But in this crazy supposedly-post-racism era, it seems, oddly, that black and white do still exist- and are loaded words, especially in the courtroom.
Take, for example, the two recent court cases surrounding fire department exams, one in New York City and one in New Haven. In the New York City court case, decided on Wednesday in a federal district court, it was ruled that tests used by the Fire Department of New York were discriminatory to minority test-takers; here I quote presiding Judge Nicholas Garaufis: "These examinations unfairly excluded hundreds of qualified people of color from the opportunity to serve as New York City firefighters." The good judge wrote in his ruling that the FDNY was still "monochromatic" even in the face of an overwhelmingly diverse population. And this from the melting pot of America?
On the other hand, the recent Supreme Court case Ricci v.
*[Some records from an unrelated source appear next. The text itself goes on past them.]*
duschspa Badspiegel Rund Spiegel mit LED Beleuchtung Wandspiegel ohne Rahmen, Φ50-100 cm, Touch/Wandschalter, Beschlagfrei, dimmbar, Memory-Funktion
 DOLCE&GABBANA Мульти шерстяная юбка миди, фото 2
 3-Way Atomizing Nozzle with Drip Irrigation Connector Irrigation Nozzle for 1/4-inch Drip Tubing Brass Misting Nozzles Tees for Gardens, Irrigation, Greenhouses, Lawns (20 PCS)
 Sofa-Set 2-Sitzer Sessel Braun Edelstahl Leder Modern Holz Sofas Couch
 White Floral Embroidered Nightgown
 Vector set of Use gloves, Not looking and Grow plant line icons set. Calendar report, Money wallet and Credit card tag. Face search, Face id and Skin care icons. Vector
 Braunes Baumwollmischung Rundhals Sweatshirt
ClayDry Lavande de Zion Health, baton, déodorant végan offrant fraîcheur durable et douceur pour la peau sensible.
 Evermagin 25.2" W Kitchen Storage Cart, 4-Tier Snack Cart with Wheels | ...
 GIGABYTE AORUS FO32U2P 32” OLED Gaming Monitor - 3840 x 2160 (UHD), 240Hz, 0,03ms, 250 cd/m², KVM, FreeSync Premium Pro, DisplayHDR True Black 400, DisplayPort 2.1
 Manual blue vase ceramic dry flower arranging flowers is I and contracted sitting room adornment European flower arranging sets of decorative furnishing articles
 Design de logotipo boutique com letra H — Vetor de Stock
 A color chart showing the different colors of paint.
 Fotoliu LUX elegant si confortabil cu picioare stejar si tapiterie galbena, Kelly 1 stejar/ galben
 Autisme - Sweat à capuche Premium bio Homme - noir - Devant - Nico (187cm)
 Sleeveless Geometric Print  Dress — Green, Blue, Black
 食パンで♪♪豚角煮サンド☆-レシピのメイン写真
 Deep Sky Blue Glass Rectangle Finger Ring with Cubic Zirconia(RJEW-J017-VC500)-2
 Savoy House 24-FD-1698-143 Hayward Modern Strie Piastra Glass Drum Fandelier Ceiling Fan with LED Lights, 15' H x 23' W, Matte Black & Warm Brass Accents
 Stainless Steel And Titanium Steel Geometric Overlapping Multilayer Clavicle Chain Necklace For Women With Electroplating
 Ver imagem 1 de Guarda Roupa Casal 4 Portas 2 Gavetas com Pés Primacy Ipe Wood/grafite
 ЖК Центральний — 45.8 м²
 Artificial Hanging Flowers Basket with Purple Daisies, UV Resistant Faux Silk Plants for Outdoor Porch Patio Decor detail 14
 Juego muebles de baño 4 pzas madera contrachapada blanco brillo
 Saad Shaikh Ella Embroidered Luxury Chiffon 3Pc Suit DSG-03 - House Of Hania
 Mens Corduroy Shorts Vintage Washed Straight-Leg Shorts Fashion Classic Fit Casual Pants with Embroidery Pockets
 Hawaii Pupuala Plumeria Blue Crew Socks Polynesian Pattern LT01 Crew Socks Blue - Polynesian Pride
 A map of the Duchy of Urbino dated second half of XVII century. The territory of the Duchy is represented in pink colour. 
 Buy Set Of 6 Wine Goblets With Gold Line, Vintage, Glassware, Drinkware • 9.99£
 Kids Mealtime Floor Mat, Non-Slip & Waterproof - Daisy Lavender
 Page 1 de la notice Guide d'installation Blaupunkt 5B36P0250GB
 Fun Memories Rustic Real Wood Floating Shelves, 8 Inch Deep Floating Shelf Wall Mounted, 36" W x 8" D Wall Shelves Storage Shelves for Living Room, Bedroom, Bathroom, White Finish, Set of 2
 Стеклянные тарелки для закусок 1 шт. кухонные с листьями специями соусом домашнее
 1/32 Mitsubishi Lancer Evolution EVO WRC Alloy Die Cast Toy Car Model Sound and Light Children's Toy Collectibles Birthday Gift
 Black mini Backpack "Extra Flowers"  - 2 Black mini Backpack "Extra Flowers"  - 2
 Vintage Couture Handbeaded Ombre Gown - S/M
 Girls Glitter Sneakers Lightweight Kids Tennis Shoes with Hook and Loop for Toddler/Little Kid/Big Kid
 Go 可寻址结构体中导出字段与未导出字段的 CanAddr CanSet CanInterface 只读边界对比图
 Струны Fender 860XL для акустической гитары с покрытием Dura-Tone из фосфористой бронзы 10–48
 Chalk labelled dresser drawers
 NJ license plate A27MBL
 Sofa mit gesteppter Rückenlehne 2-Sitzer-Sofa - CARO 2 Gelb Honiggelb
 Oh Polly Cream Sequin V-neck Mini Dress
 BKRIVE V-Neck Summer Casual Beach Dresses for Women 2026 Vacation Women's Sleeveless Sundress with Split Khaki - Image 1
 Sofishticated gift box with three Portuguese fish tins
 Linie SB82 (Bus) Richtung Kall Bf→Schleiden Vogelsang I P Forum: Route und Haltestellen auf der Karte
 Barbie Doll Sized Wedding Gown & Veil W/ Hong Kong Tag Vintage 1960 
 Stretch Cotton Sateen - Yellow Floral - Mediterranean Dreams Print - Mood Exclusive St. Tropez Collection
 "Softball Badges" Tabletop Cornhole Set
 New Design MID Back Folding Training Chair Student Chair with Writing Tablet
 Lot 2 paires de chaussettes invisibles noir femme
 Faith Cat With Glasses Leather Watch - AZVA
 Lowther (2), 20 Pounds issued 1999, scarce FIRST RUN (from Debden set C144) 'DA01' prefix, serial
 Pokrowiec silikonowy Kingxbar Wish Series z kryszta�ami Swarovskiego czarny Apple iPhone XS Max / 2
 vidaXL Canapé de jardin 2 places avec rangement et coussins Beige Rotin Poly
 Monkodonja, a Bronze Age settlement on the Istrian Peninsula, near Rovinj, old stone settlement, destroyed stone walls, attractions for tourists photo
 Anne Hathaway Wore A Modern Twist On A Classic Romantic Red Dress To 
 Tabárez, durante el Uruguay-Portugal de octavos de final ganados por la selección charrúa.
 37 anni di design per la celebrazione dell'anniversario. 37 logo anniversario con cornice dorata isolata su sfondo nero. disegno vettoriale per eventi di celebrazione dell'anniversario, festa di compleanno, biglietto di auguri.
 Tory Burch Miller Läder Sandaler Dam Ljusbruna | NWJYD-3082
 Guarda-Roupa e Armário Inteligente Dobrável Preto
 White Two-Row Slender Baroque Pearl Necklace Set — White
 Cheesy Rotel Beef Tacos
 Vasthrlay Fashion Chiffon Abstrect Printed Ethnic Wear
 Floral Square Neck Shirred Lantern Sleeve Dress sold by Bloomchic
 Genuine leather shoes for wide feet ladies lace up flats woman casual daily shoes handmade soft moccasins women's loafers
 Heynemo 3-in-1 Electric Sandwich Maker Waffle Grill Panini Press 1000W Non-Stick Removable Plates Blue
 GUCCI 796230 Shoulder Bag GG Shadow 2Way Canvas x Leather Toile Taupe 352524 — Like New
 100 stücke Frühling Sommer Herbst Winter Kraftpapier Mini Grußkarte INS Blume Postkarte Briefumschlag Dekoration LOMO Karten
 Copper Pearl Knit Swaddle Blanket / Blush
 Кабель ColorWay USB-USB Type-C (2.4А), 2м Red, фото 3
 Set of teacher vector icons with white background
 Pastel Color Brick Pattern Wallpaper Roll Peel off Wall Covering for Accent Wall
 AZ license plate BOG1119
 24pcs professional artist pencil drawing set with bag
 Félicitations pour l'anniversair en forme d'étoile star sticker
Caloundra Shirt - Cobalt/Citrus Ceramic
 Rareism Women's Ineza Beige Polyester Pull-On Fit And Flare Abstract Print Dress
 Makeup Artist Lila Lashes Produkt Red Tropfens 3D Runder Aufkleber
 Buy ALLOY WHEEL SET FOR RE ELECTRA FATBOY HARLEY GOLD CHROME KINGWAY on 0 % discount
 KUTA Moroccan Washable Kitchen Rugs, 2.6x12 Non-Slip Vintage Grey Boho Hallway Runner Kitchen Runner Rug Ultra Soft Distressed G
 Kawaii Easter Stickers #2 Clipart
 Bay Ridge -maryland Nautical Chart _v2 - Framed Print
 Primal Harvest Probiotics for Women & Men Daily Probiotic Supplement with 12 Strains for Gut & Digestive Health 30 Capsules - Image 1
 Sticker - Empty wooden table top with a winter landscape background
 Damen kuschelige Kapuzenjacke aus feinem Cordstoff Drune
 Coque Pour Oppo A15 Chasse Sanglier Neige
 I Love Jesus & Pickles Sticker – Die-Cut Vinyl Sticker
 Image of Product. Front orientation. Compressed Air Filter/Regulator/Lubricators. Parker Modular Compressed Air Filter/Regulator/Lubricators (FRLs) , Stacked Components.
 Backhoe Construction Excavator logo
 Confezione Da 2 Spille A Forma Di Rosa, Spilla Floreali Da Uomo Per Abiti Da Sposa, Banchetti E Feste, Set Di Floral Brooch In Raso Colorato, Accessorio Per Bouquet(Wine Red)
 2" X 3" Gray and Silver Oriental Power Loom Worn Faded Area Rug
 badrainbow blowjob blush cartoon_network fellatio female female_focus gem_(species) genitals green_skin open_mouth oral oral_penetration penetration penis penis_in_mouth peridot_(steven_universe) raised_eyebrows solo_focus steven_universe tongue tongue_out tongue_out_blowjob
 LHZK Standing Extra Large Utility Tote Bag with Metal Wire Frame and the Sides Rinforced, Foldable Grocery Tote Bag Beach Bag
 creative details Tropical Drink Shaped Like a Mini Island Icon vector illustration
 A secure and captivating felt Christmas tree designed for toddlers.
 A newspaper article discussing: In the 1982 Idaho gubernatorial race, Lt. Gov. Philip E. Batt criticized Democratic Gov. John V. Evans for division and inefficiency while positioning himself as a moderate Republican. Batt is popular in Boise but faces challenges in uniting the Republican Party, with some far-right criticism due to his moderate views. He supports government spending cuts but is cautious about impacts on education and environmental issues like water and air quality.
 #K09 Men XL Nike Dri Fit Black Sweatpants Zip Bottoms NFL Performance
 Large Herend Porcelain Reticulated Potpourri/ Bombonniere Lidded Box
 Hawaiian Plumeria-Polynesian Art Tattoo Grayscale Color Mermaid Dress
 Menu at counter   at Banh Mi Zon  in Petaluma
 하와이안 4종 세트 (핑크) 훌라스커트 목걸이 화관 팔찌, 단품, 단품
DiStefano concluded with a verdict in New Haven's white firefighters' favor- tests cannot be thrown out simply because the fire department fears lawsuits from minority applicants when the tests yield disproportionate racial results. Incidentally, our new Supreme Court nominee Sonia Sotomayor had originally ruled in favor of the tests' dismissal (which makes her situation just that more complicated, especially since she is Hispanic). Also incidentally, Ricci v. DiStefano was a 5-4 decision: five traditionally conservative justices to four traditionally liberal justices (which makes the situation still decidedly old-fashioned in a way-- remember back when the liberals wanted equality for minorities and the conservatives dragged their feet?).
What does this tell us? For one, that accusations of racism have become a double-edged sword; it used to be that minorities were discriminated against in almost all cases (see as an example New Haven). Now, some think that whites are discriminated against, in prevention of discrimination against minorities (take a look at New York).
The race card is definitely not as simple to play as it used to be, that's for sure.